- _Work to be completed_
Could you copy exactly the lines from the one containing "Kaffeebecher beidseitig mit" through the last line of the records, leaving out every picture?

[Image-text web data]
^^^^^^^^^^^^^^^^
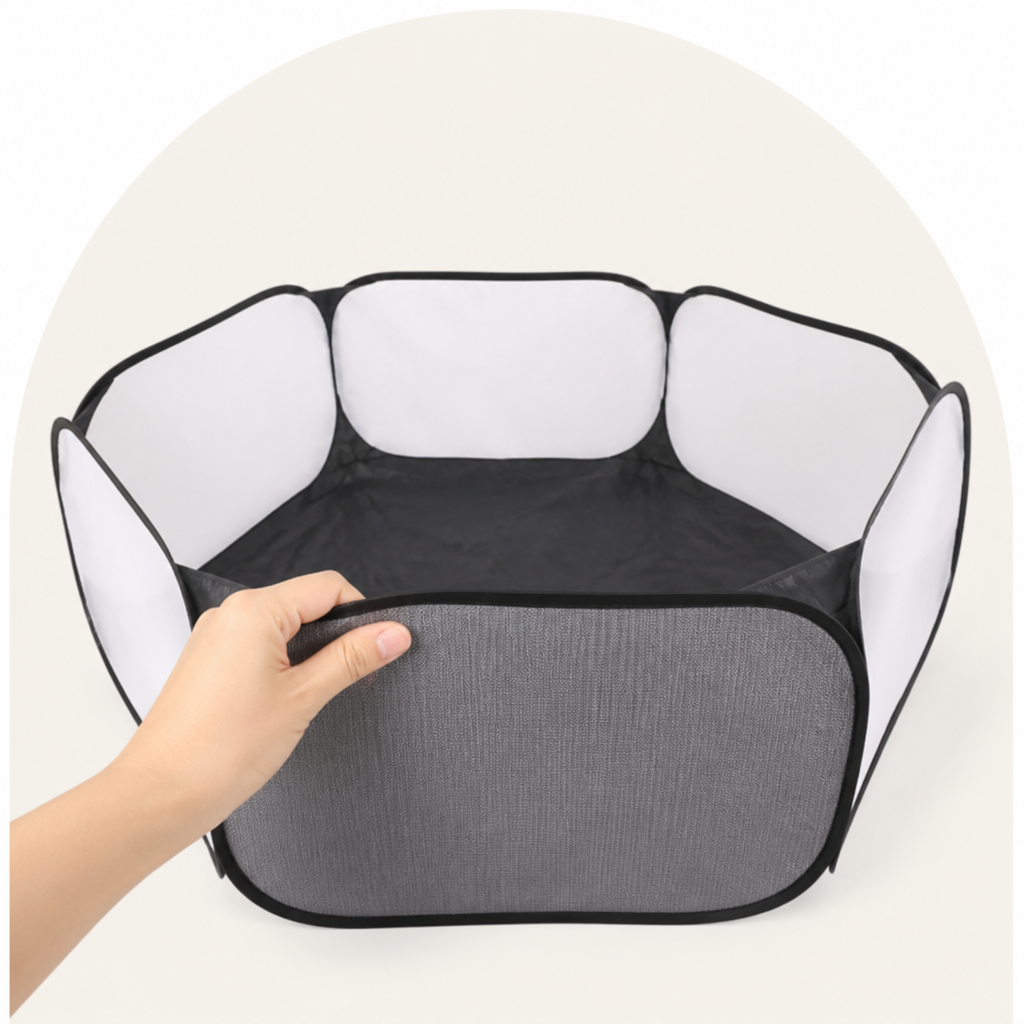 Ortekor Transparent Foldable Pet Playpen (Chemical-Free Cotton)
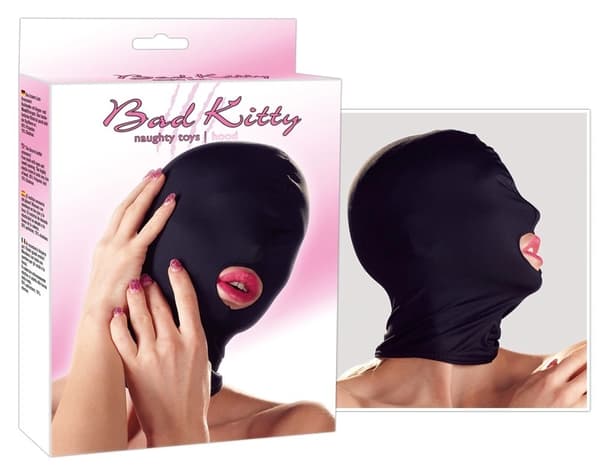 Bad Kitty elastisk maske sort med hul til munden, universal størrelse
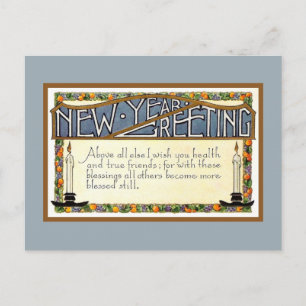 Cartes Pour Fêtes Annuelles Art Déco Nouvel An verset de voeux bleu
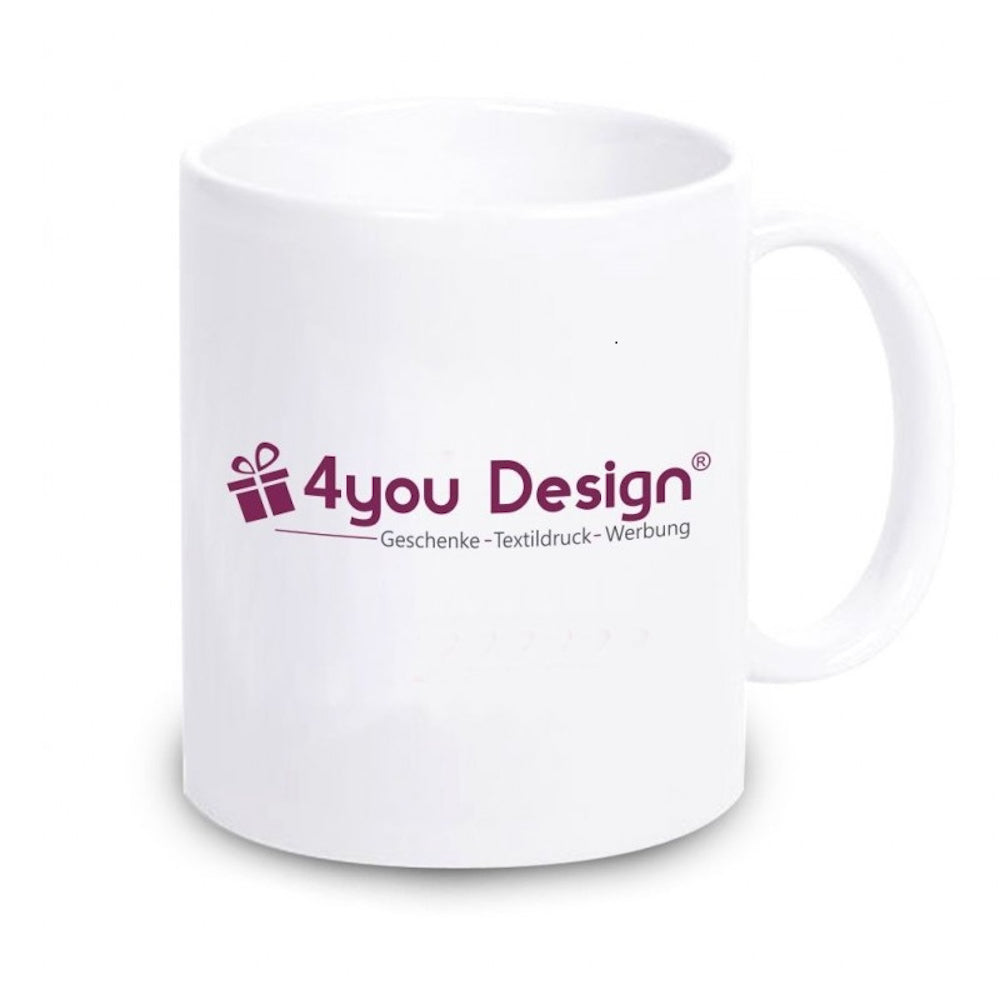 Kaffeebecher beidseitig mit Firmenlogo/Wunschmotiv bedruckt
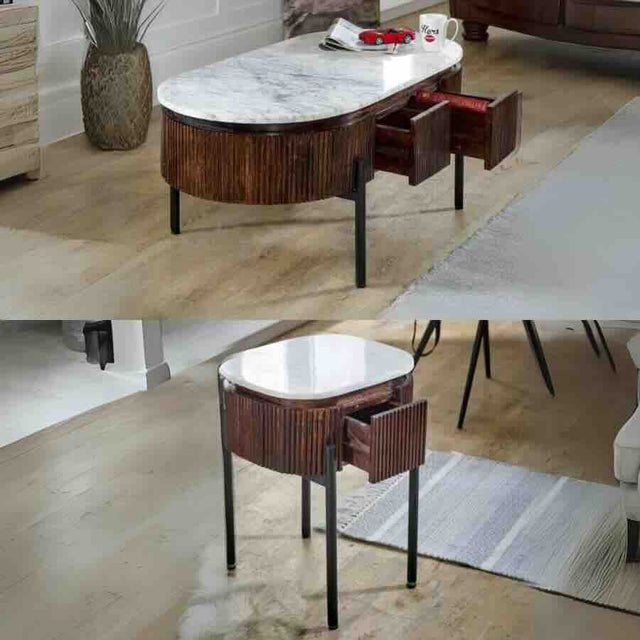 Retro-Fluted-Mango-Wood-_-Marble-Top-Matching-Coffee-Table-_-Side-Table-Set-Metal-Legs-With-Drawer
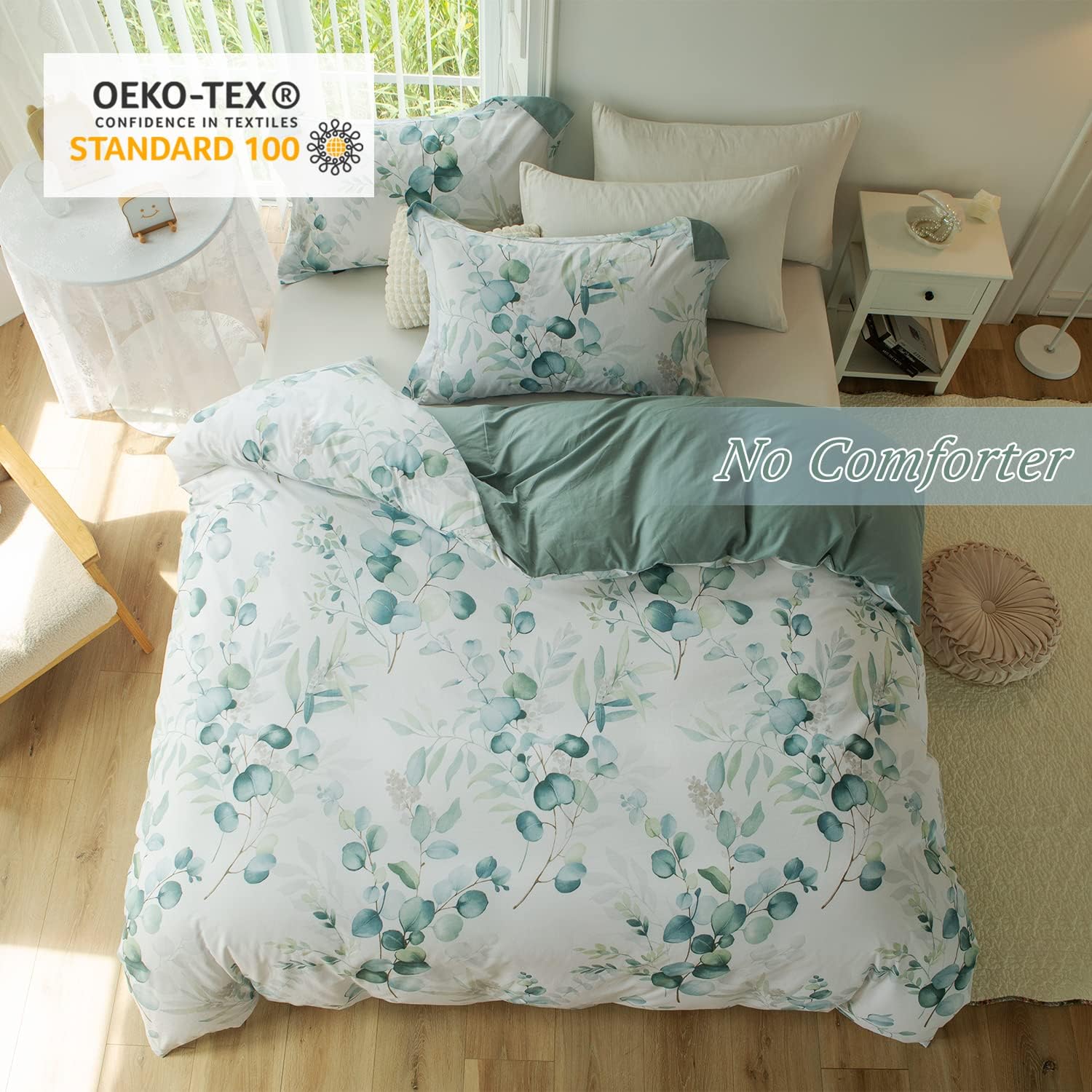 MILDLY Duvet Cover Leaf Pattern- 100% Washed Cotton Eucalyptus Printed Sage Green Comforter Cover Linen Feel Bedding Set with Zipper Closure 4 Ties Queen Size - Image 6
^^^^^^^^^^^^^^^^
- _Answer_
 Kaffeebecher beidseitig mit Firmenlogo/Wunschmotiv bedruckt
 Retro-Fluted-Mango-Wood-_-Marble-Top-Matching-Coffee-Table-_-Side-Table-Set-Metal-Legs-With-Drawer
 MILDLY Duvet Cover Leaf Pattern- 100% Washed Cotton Eucalyptus Printed Sage Green Comforter Cover Linen Feel Bedding Set with Zipper Closure 4 Ties Queen Size - Image 6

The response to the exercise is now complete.